* Information given:
────────────────────
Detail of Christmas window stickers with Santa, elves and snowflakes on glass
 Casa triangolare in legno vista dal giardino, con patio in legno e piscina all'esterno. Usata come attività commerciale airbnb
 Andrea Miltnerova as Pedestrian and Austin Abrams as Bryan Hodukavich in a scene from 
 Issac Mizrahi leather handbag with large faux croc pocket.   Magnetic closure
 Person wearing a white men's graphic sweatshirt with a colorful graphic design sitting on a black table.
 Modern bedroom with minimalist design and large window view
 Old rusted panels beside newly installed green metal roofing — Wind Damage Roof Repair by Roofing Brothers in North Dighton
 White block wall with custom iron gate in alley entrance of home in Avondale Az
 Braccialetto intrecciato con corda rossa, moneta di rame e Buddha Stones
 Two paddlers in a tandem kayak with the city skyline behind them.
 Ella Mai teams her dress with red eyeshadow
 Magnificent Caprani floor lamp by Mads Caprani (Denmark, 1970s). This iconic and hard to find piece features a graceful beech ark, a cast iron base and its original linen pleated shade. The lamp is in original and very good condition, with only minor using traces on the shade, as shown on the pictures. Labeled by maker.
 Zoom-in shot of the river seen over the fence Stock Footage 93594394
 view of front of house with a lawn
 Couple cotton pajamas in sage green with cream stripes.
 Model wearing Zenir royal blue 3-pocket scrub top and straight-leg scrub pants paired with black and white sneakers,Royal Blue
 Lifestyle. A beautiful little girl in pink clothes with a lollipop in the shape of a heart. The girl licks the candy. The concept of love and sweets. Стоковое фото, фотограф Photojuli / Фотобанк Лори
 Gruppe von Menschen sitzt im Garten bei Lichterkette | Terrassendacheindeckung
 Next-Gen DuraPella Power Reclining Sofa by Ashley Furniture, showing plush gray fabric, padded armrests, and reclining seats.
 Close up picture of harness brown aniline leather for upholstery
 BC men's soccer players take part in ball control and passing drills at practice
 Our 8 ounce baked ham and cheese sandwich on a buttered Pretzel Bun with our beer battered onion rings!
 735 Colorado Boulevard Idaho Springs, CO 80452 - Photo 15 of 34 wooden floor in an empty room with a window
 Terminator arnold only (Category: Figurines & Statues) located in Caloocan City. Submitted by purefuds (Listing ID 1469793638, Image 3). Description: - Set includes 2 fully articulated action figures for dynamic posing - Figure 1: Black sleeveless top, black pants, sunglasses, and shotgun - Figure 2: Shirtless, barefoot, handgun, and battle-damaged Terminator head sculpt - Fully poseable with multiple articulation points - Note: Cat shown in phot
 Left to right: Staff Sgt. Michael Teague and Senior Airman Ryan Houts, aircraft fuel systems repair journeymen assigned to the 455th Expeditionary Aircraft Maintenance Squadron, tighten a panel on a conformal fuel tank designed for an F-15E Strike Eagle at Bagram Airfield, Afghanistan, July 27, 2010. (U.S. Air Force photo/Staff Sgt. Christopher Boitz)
────────────────────
* Instructions to follow:
Please give an exact copy of the entries above, from the line with "Modern bedroom with" down to the line with "Ella Mai teams her dress with red eyeshadow", inclusive, and nothing else.

* Response below:
 Modern bedroom with minimalist design and large window view
 Old rusted panels beside newly installed green metal roofing — Wind Damage Roof Repair by Roofing Brothers in North Dighton
 White block wall with custom iron gate in alley entrance of home in Avondale Az
 Braccialetto intrecciato con corda rossa, moneta di rame e Buddha Stones
 Two paddlers in a tandem kayak with the city skyline behind them.
 Ella Mai teams her dress with red eyeshadow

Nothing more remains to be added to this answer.